Purim starts tonight. It’s a festival holiday in which imbibing alcohol …. plays a role.
Read our Purim 2019 article, about Jews and the wine and liquor trade
With Ukraine in our hearts, and on our minds, we focus today the Jewish wine-trader and community leader Ber Birkenthal, from Bolechow (today Bolekhiv, Ukraine), who lived from 1723 to 1805 and was also known simply as Ber of Bolechow.
He is buried in the historic Jewish cemetery in Bolekhiv, and his gravestone includes the prominent image of a Bear — illustrating his name, Ber.
Wine — kosher wine — forms part of many Jewish ceremonies and rituals, including Shabbat and holiday dinners, the Passover Seder, and Havdalah ceremonies, not just Purim….
To make sure wine was kosher, Jews for centuries have been active both in producing wine and in the wine trade.
Ber of Bolechow left a vivid early description of the wine trade. Often traveling with his father or brother, he made frequent, and sometime harrowing, wine-purchasing journeys from his native Galicia to the Tokaj wine-producing region of northern Hungary — and not long before his death he published a memoir recounting his trials and adventures.

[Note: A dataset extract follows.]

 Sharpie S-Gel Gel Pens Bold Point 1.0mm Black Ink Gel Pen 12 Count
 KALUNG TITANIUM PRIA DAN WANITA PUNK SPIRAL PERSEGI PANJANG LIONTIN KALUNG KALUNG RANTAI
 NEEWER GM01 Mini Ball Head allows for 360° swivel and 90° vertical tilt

He described how he sought out and drove hard bargains on win (both kosher and on-kosher), and he detailed the perils of the road — everything from complicated currency exchanges and customs duties, to drunken wagon drivers, icy, unfordable rivers, double-dealing business partners, flea-ridden inns, and even occasional attacks by roving bandits.

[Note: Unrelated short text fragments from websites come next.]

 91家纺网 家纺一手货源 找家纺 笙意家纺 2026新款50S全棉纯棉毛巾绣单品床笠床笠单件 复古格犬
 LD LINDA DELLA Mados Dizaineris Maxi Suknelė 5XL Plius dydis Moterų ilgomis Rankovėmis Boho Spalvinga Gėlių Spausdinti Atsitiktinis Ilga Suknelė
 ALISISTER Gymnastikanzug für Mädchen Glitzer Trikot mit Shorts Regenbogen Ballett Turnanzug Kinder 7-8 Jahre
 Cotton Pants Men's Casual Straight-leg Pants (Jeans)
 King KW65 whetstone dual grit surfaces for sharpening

On one of his trips, in 1765, Ber unexpectedly spent Passover in Hungary in the town of Szerencs, where he stayed at the home of Ezekiel Taub, the father of Isaac Taub — then just a boy — who went on to become a great Hasidic master, the Tzaddik in Kálló (now Nagykálló), known in particular for his songs, including the famous “Szól a Kakas Már” (The Cock is Always Crowing).
Ber had particularly close relations with the Jewish community in the wine-producing village of Tarcal, a few kilometres from Tokaj, and Isaac’s father Ezekiel was a brother-in-law of Ber’s friend and business connection in Tarcal, Ensil Kac. Ber had expected to spend Passover in Tarcal with Kac, but, he wrote, he was prevailed upon to go to Szerencs to perform the circumcision of a newborn son of Ezekiel.

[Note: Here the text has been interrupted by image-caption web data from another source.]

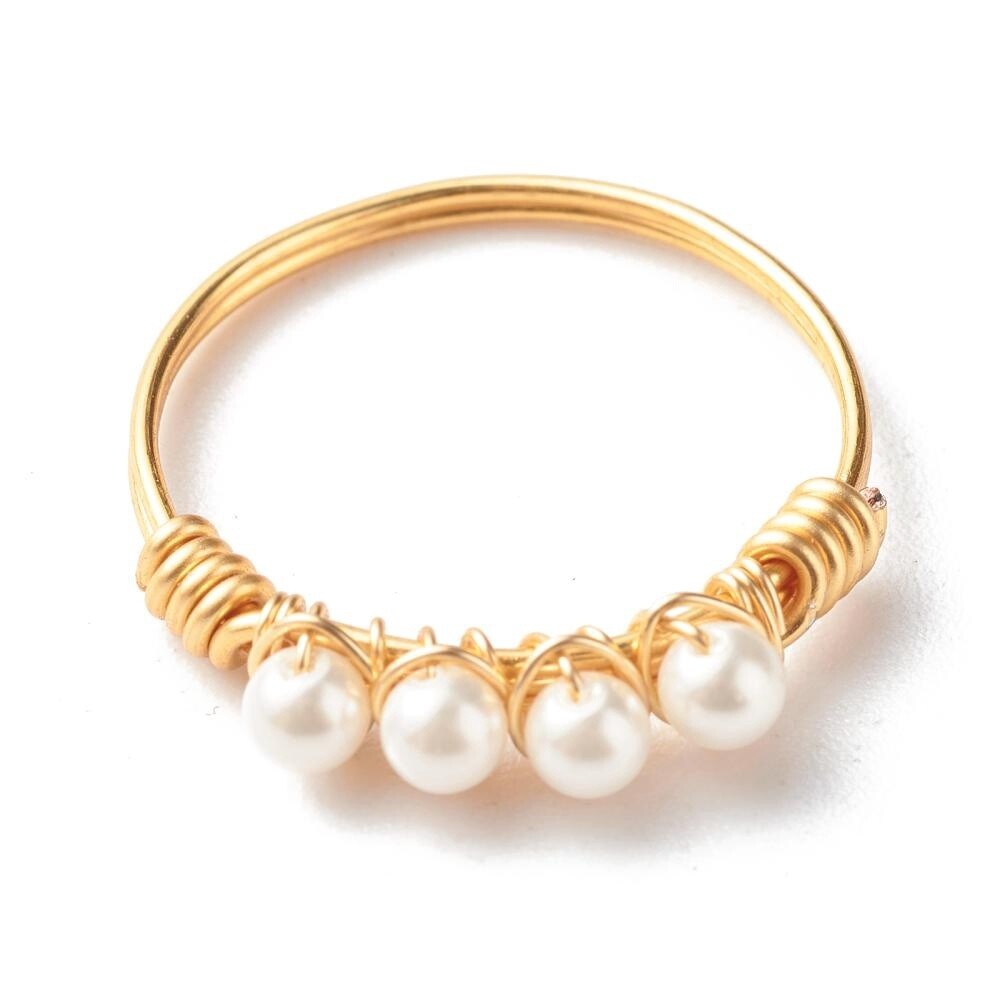 Shell Pearl Wire Wrap Ring - Gold (S 8)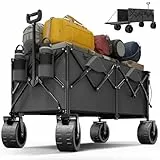 Devoko 332L Bollerwagen Faltbar Sackkarre Maximal Klappbar 200KG Belastbar Faltbarer Bollerwagen mit Bremse, Handwagen mit Verstellbarem Griff, Transportwagen Klappbar für Strand Camping Einkauf,Grau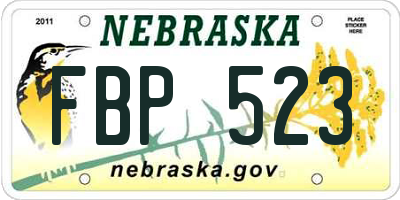 NE license plate FBP523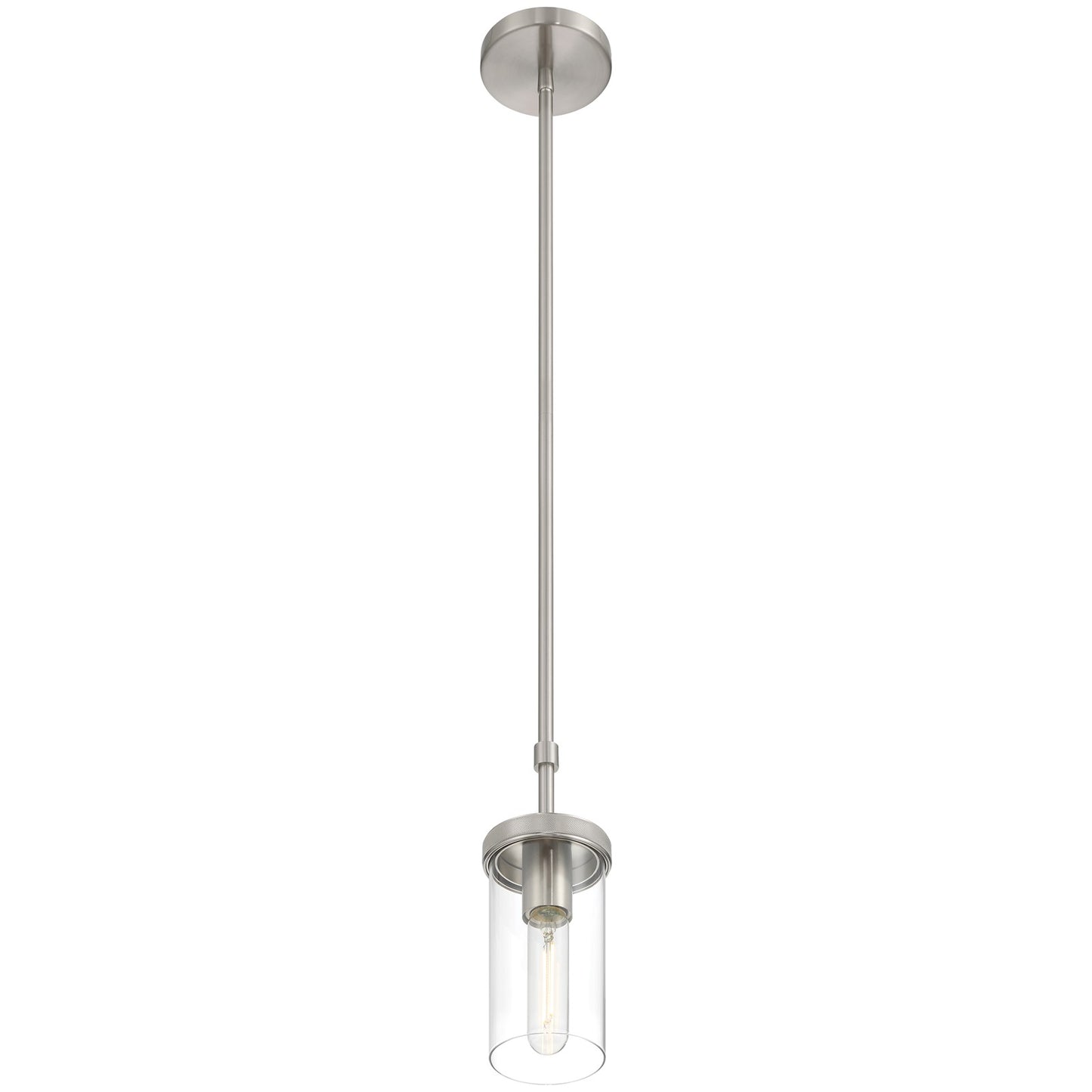 Access Lighting Lily 1 Light Pendant, Brushed Steel/Clear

In his memoir Ber detailed extensive (and rather cut-throat….) wine-business wheeling and dealing with Ensil Kac and others in Tarcal.
And he was so friendly with Ensil and the local Jews there that on that trip in 1765 he brought them a collection of beautiful gold, silver, and bejewelled ritual Torah objects made in Lviv — including a Torah breastplate and rollers, and a pointer.
The synagogue in Tarcal was built around 30 years later, and it is not known if the Torah with Ber’s precious ornaments was used there.
The local Jewish community was destroyed in the Holocaust, and the synagogue long stood derelict after the war.
The synagogue was restored for private owners in the 1990s; it was used as an artists’ studio and even for awhile an Air BnB. It holds a prominent place in the village today, though it is not clear what it is used for. There are two Jewish cemeteries in Tarcal — both of them also long stood neglected, but they have been fenced in recent years.